In Barrique-Fässern reifen die beiden letzten Jahrgänge, 2016 und 2017, des Château Canonla-Gaffelière. Nebenan werden die abgefüllten Flaschen, Jahrgang 2015, mit dem feudalen Etikett, das Neipperg’sche Wappen in erhabenem Stahlstich, mittels modernster Computertechnik einzeln gekennzeichnet, registriert und sorgfältig in Holzkisten verpackt. Palettenweise werden die edlen Tropfen in alle Welt versandt. Graf Neipperg war einer der ersten Bordeaux-Winzer, der seine Weine im Ausland vorstellte. Selbst und höchstpersönlich!

„Es ist gut zu wissen, wo man herkommt, aber der Blick in den Rückspiegel allein genügt nicht, man muss auch durch die Windschutzscheibe, in die Zukunft, schauen“, sagt Neipperg, der unter seinesgleichen erfolgreiche Unternehmer oft vermisst.

Rund zweieinhalb Monate im Jahr ist der Winzer auf Reisen. Mit seinem Blick durch die Windschutzscheibe und gutem Gespür für kommende Märkte hat er ein weltweites Vertriebsnetz auf gebaut, verkauft seinen Rotwein nach Asien, Nord- und Südamerika und in den Osten.

Die Nachfrage übersteigt das Angebot. Seine Weine kann man nicht einfach mal so kaufen. Wenn sie im Frühjahr zur Verkostung nach Bordeaux auf den Markt kommen, werden die Händler nervös und überbieten sich gegenseitig. In weniger als einer Stunde ist die gesamte Jahresproduktion verkauft.

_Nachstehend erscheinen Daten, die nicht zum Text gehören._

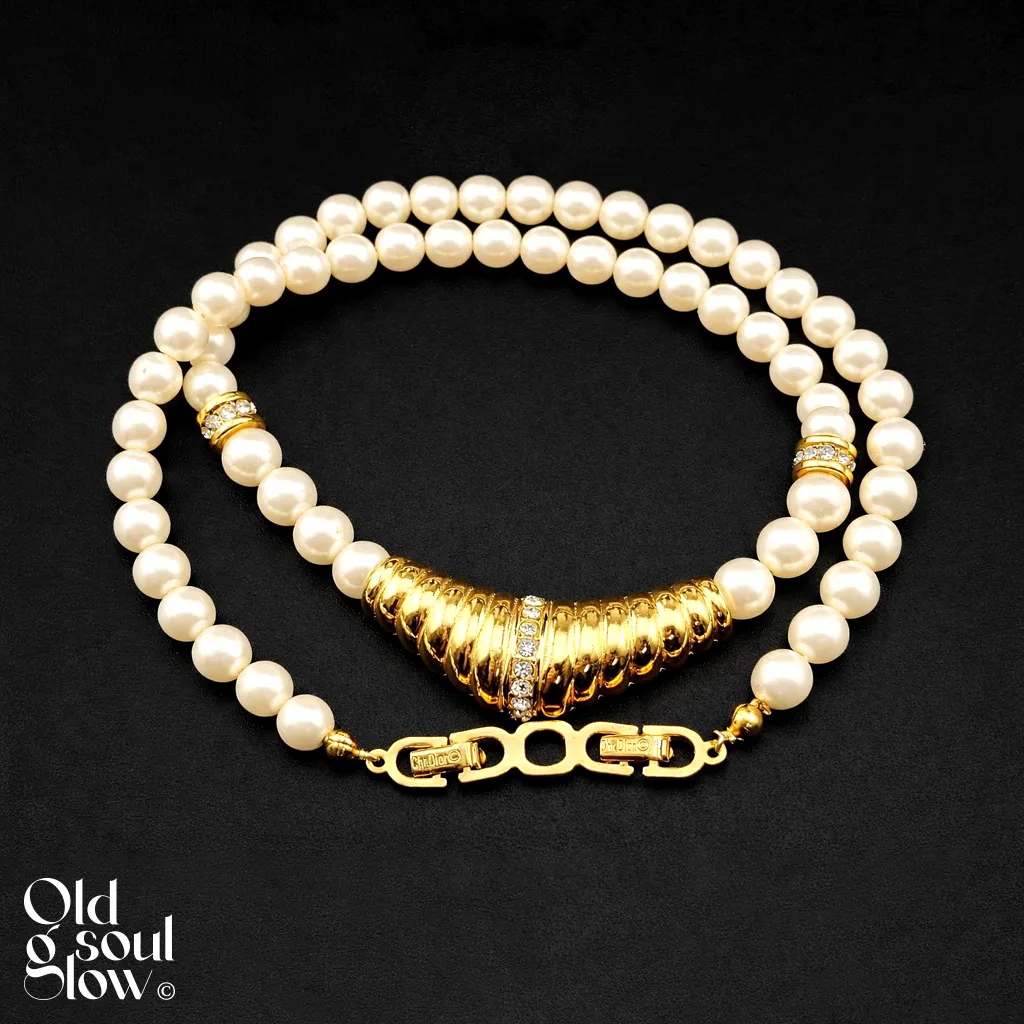 Pearl & Crystal Collar Necklace in Gold Tone by Christian Dior, view 2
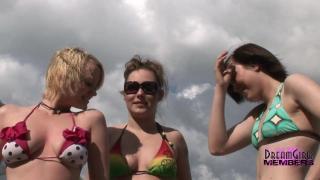 Spring Breakers Rudely get Nude in Public & Rub Lotion on each other 6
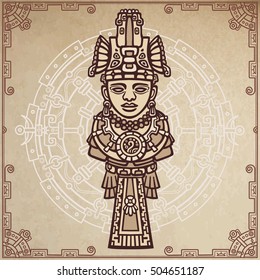 Linear drawing: decorative image of an ancient Indian deity. Magic circle. A background - imitation of old paper. Vector illustration.
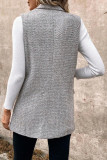 Lapel Sleeveless Woolen Cardigan Coat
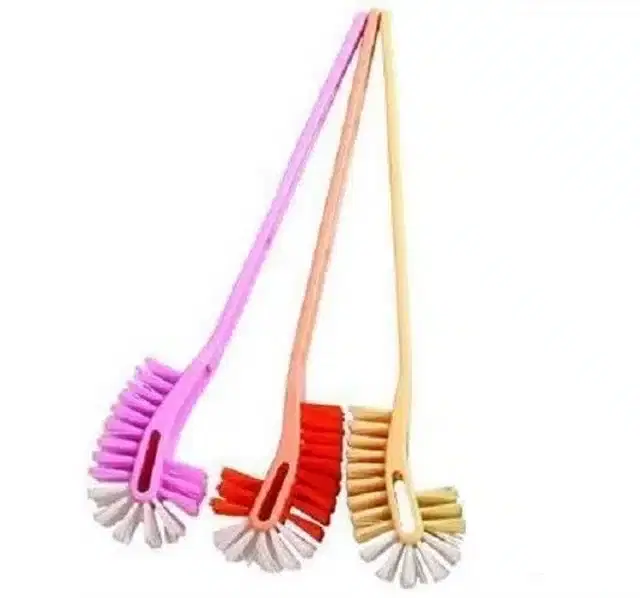 Plastic Long Handle Toilet Brush, Multicolor, Pack of 3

Genießerisch blickt der „Weinkönig“ in unsere staunenden Gesichter und schickt gleich hinterher: „Der Erfolg kommt nicht von selbst. Wir gehören nicht zu denen, die in einem früheren Leben reüssiert haben und dann mit viel Geld ins Bordeaux kamen. Ich musste immer mit Banken zusammenarbeiten und gut wirtschaften.“

Es ist ihm gelungen. Graf Neipperg bewirtschaftet nicht nur fünf Weingüter und ist an zwei weiteren Weingütern im Bordeaux beteiligt. Seit ein paar Jahren wachsen seine Reben auch auf den thrakischen Hügeln bei Plovdiv in Bulgarien, engagiert er sich mit Ingrid v. Essen in Südafrika auf dem Weingut „Capaia“.

Ganz benommen von so vielen Aktivitäten torkeln wir ans Tageslicht. Unwillkürlich blickt der Winzer zum Himmel. „Hält das Wetter? Jetzt bloß kein Sturm!“ Der Countdown bis zur Lese 2018 läuft … Alles ist gut. Noch immer strahlt die Sonne vom wolkenlosen Himmel. Stephan Graf v. Neipperg und seine Frau Sigweis freuen sich. Die langen heißen Sommertage versprechen einen Spitzenwein.